*THE TASK*
Please output the lines from the one with "Gorgeous Floral Art" through the end of the data exactly as written, omitting all pictures.

*SUPPLIED INFORMATION*
※

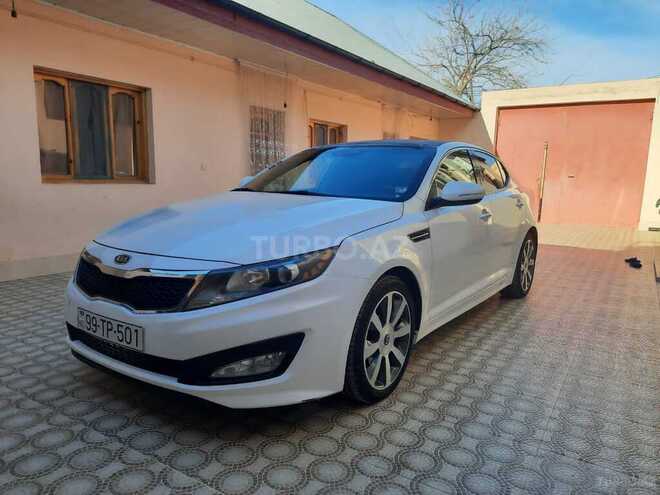 Kia Optima 2012, 140,000 km - 2.0 l - Şəmkir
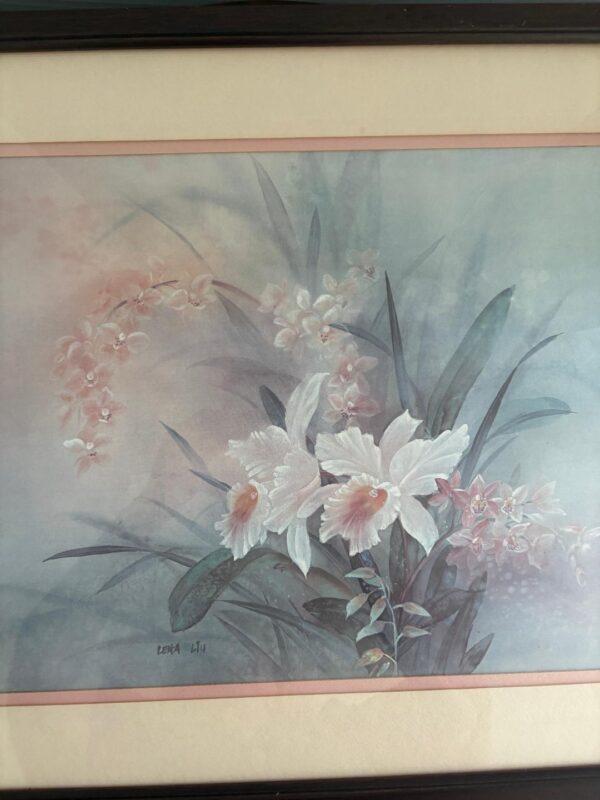 Gorgeous Floral Art Print by Lena Liu, 21" X 17" - Image 3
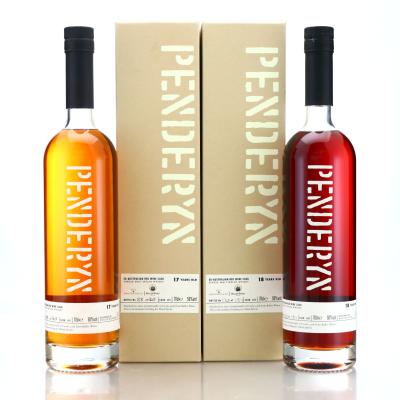 Penderyn Single Red Wine Cask 2 x 70cl / Australian Exclusive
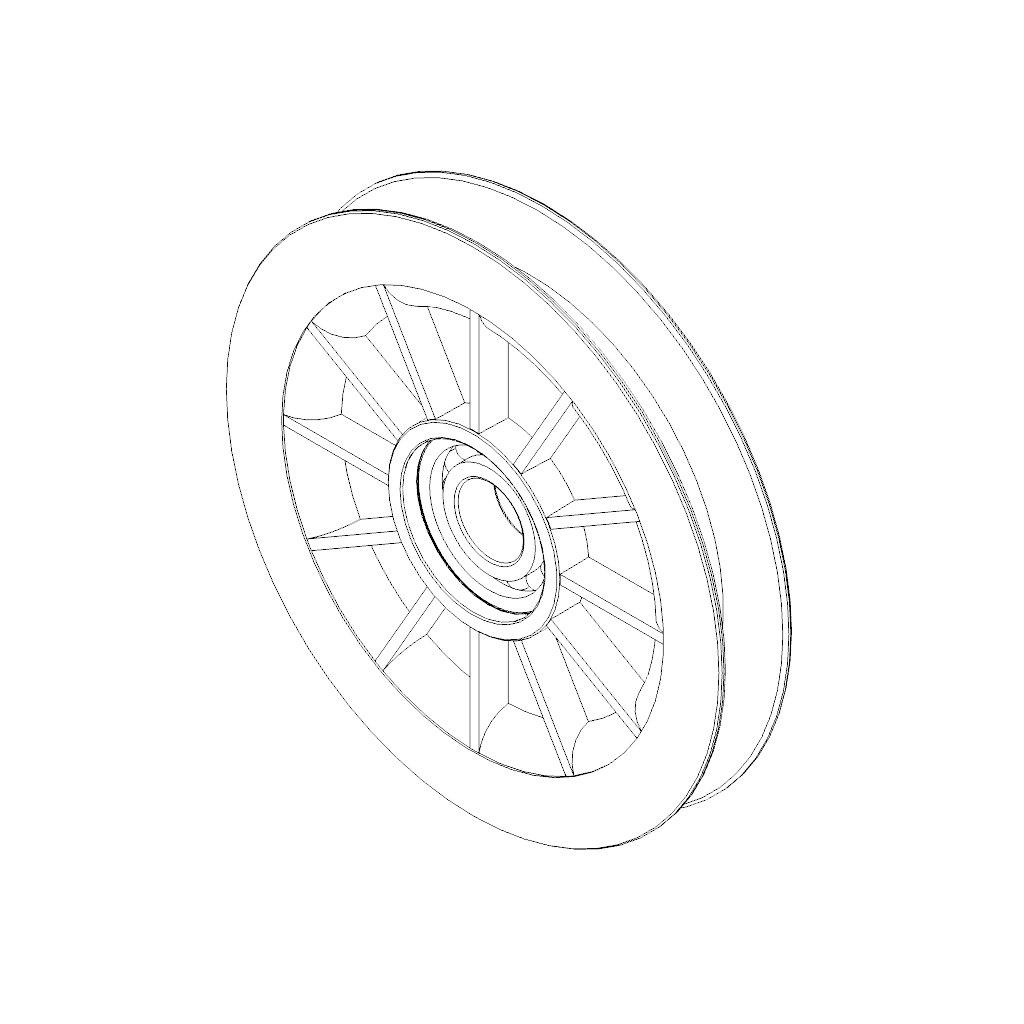 Bungee Pulley (75mm)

※

*ANSWER SPACE*
 Gorgeous Floral Art Print by Lena Liu, 21" X 17" - Image 3
 Penderyn Single Red Wine Cask 2 x 70cl / Australian Exclusive
 Bungee Pulley (75mm)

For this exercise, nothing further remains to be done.